━━━━━ Record set

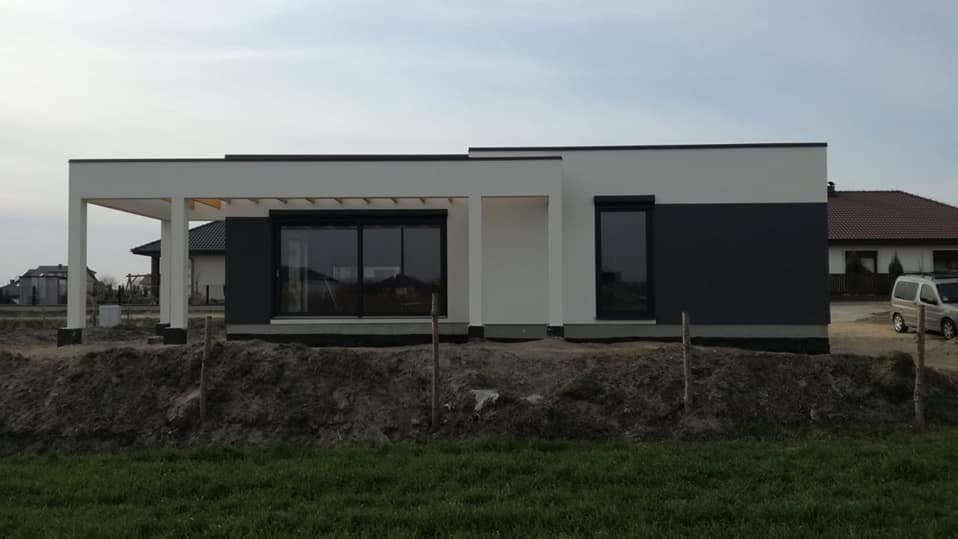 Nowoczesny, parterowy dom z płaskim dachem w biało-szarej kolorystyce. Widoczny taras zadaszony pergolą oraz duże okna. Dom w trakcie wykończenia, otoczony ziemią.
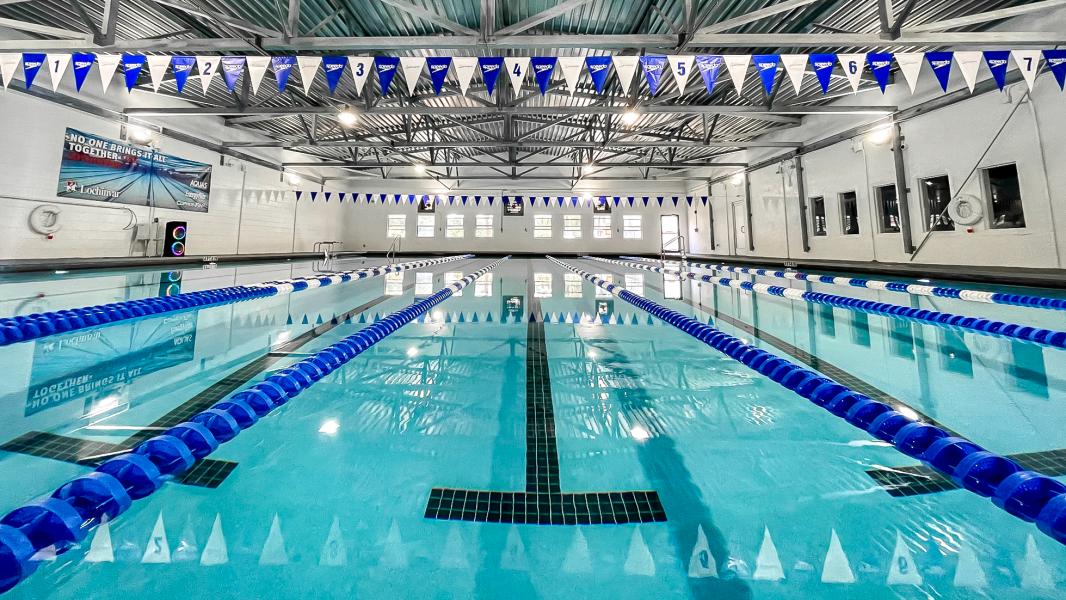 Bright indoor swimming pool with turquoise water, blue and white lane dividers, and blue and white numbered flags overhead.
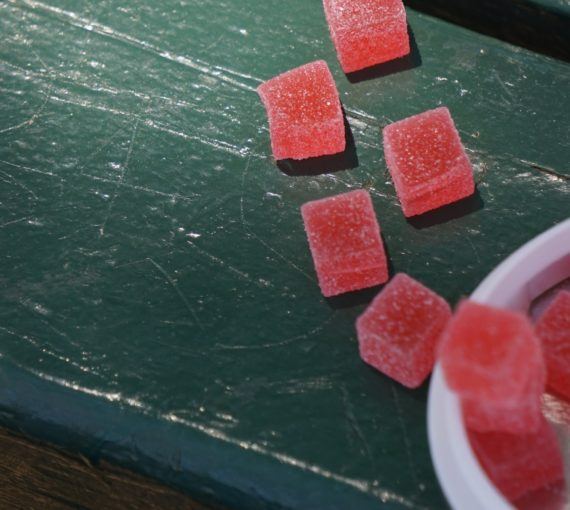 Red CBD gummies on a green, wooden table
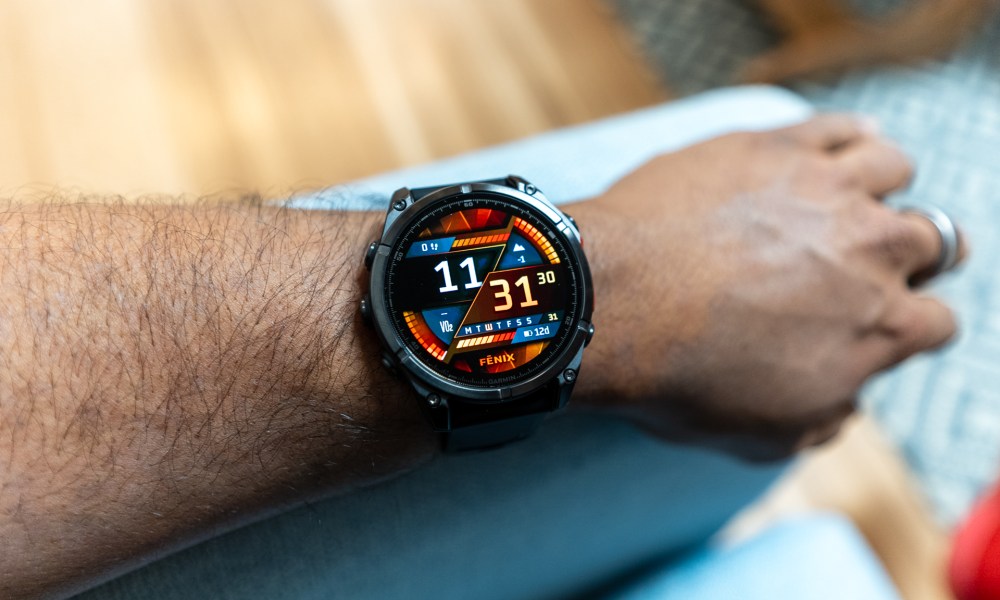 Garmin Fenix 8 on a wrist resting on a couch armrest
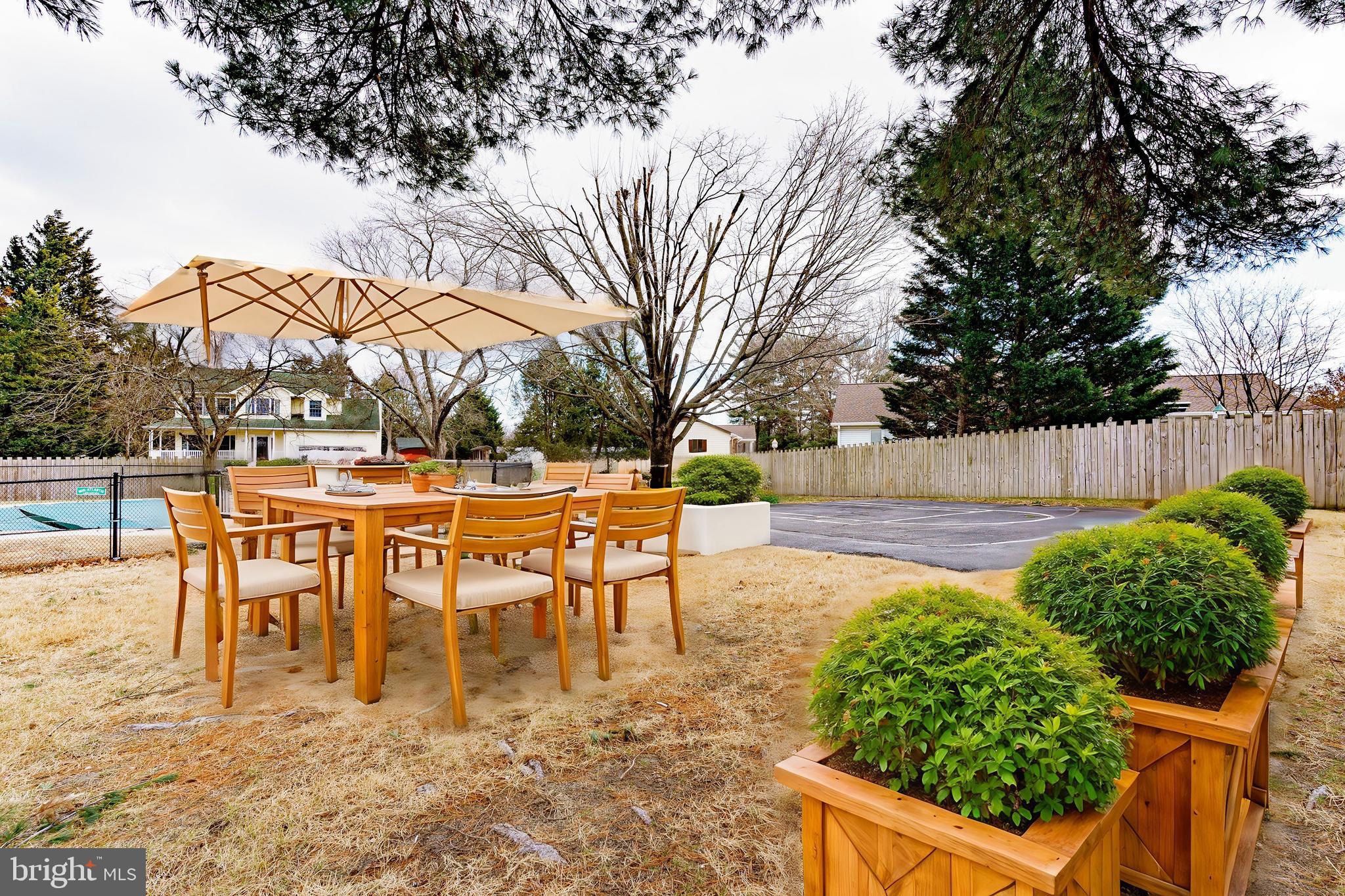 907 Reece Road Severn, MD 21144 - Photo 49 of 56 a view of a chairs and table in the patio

━━━━━━━━━━

• **Assigned task**
Copy the records exactly as they appear, excluding images.

• **Response for this exercise**
 Nowoczesny, parterowy dom z płaskim dachem w biało-szarej kolorystyce. Widoczny taras zadaszony pergolą oraz duże okna. Dom w trakcie wykończenia, otoczony ziemią.
 Bright indoor swimming pool with turquoise water, blue and white lane dividers, and blue and white numbered flags overhead.
 Red CBD gummies on a green, wooden table
 Garmin Fenix 8 on a wrist resting on a couch armrest
 907 Reece Road Severn, MD 21144 - Photo 49 of 56 a view of a chairs and table in the patio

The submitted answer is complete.